Origin of spin–orbit misalignments: The microblazar V4641 Sgr

Abstract

Of the known microquasars, V4641 Sgr boasts the most severe lower limit (>52◦) on the misalignment angle between the relativistic jet axis and the binary orbital angular momentum. Assuming the jet and black hole spin axes coincide, we attempt to explain the origin of this extreme spin–orbit misalignment with a natal kick model, whereby an aligned binary system becomes misaligned by a supernova kick imparted to the newborn black hole. The model inputs are the kick velocity distribution, which we measure customized to V4641 Sgr, and the immediate pre/post-supernova binary system parameters. Using a grid of binary stellar evolution models, we determine post-supernova configurations that evolve to become consistent with V4641 Sgr today and obtain the corresponding pre-supernova configurations by using standard prescriptions for common envelope evolution. Using each of these potential progenitor system parameter sets as inputs, we find that a natal kick struggles to explain the origin of the V4641 Sgr spin–orbit misalignment.
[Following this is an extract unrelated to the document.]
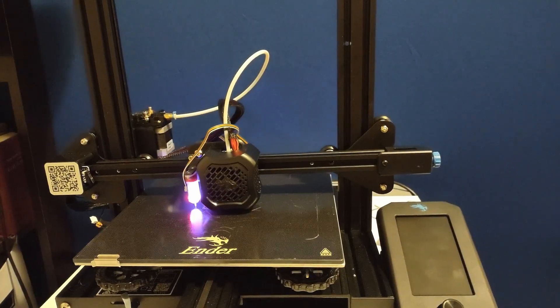Do you have an Ender 3 that you've been thinking about upgrading to Klipper? I have an old V2 that I decided to upgrade. I did it because so many people online will tell you, hey, you can do this in 15 minutes. But is that really the case? Let me tell you a little bit about what I went through upgrading my V2 to Klipper.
Consequently, we conclude that evolutionary pathways involving a standard common envelope phase followed by a supernova kick are highly unlikely for V4641 Sgr. An alternative interpretation is that the jet axis does not reliably trace the black hole spin axis. Our results raise concerns about compact object merger statistics gleaned from binary population synthesis models, which rely on unverified prescriptions for common envelope evolution and natal kicks. We also challenge the spin–orbit alignment assumption routinely invoked to measure black hole spin magnitudes.